Asking as it is noticeably windier where we live now then where we've lived previously...
No, I believe not. There is the correction for geographical location but not for exposure with the wind wash that can bring, which is why I erred to the lower figures in some measurements to compensate.
@declan90 I did the Freedom one this week. I’m a way off replacing my gas boiler with a heat pump, but we are looking into making our sunroom and garage conversion into year-round usable rooms….exploring UFH, additional rads or A2A heat pump just across those rooms.
i ran the spreadsheet across the whole house, it’s a 1972 build and the upper half is tile clad…I assume tile…batten…felt…breeze block…plasterboard and no insulation?
anyway…depending on my assumptions, I get 18kw-20600kw heat loss. This seems high, our gas for heating and hot water is currently forecast to be around 13600kwh per year. The annex and conservatory/sunroom are pretty cold…trying to make a garage conversion cosy and usable all year is proving to be a real headache, I’m thinking about insulated plasterboard next
I just wanted to check what I do with these figures…measure up the output of my rads and see if I need to make up the difference anywhere?
I’m not entirely sure if the issue is too much heat loss…not enough heat output ie add more rads, pellet burner, air con etc…or both
not really sure where to start!
Posted by: @sickydepending on my assumptions, I get 18kw-20600kw heat loss. This seems high, our gas for heating and hot water is currently forecast to be around 13600kwh per year.
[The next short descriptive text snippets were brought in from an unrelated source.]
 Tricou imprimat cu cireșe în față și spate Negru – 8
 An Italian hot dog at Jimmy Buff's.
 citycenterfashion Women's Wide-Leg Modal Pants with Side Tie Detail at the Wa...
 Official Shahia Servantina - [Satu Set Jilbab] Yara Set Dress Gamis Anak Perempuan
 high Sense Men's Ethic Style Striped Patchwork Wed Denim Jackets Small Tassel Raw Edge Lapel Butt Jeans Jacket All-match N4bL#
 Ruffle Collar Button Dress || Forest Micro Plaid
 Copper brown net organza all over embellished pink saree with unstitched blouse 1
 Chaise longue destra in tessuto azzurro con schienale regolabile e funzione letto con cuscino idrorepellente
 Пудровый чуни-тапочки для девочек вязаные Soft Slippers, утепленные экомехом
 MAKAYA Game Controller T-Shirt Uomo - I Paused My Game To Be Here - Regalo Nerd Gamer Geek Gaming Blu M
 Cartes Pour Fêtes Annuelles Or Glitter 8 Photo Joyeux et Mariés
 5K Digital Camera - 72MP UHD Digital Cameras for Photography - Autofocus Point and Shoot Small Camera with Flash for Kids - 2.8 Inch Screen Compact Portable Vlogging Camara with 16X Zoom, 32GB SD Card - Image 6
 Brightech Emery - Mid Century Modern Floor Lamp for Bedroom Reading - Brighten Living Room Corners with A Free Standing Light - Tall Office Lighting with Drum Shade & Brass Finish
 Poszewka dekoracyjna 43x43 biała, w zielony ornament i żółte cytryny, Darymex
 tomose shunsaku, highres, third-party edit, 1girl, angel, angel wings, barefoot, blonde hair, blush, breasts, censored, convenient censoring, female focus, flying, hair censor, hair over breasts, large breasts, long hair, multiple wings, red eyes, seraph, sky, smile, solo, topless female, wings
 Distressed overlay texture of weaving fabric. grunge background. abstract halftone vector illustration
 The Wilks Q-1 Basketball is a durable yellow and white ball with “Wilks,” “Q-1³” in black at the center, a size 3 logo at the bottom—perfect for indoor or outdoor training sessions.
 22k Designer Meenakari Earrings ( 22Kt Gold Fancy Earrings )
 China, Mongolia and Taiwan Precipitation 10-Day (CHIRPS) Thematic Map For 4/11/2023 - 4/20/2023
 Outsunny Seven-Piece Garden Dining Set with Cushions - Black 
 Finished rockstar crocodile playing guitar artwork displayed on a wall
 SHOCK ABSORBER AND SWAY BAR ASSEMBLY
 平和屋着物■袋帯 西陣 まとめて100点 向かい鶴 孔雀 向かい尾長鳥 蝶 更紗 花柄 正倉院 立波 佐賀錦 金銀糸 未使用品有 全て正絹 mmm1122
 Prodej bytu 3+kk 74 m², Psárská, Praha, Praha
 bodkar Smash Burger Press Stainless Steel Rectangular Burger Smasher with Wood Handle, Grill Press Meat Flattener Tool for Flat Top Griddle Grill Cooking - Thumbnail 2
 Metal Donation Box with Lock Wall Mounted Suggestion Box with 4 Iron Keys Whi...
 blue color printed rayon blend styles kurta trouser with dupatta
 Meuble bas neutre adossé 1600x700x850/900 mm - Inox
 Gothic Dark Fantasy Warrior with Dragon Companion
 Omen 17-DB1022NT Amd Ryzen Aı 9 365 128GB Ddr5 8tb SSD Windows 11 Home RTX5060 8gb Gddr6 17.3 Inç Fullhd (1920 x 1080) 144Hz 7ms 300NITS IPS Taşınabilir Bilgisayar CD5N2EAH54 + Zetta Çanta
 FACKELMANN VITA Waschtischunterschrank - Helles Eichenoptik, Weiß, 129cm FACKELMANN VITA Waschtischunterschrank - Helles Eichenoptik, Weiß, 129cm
This is not uncommon. The Freedom calculator makes all sorts of assumptions, any of which may be wrong. An empirically derived heat loss ie how many kWhs you actually use to keep the house in a steady state at various OATs (outside air temps) is generally a much better estimate of the actual heat loss, after making sensible assumptions about your gas boiler's efficiency. If you have more detailed gas consumption and OAT data , you can plot gas use (again adjusted for efficiency) against OAT and work out heat loss at design temps that way.
Midea 14kW (for now...) ASHP heating both building and DHW
Posted by: @sickyanyway…depending on my assumptions, I get 18kw-20600kw heat loss. This seems high, our gas for heating and hot water is currently forecast to be around 13600kwh per year. The annex and conservatory/sunroom are pretty cold…trying to make a garage conversion cosy and usable all year is proving to be a real headache, I’m thinking about insulated plasterboard next
Assuming you actually heat the house (which, admittedly, it sounds like you may not fully) a gas consumption of 16kWh and a heat loss of 18kW are not anywhere near consistent. 13MWh/year would correspond to something like 4kW loss, 6kW tops.
I had a garage conversion which was absolutely horrible (single solid brick!). Battening it out followed by insulated plasterboard (walls and ceiling) fixed it, and its now cosy. If I were you I would do some judicious insulation and, if you haven't already got one, get yourself a smart meter so you have half hourly readings. Take photos while you are doing the insulation in case an installer which you otherwise prefer wont believe you without evidence. Once you have done that and if it suits your timescale analyse the half hourly readings to get a measured consumption to sense check/supplement/instead of the fabric spreadsheet. This will also help you size rads more accurately (and with the insulation smaller) which will be useful for aesthetics.
My house, 16kW according to two surveyors, is actually 7.5kW due to fabric upgrades over time. That makes a massive difference in many aspects of the installation.
4kW peak of solar PV since 2011; EV and a 1930s house which has been partially renovated to improve its efficiency. 7kW Vaillant heat pump.
@editor Copy of information from my first post FYI. This tool is very comprehensive but not for the faint-hearted.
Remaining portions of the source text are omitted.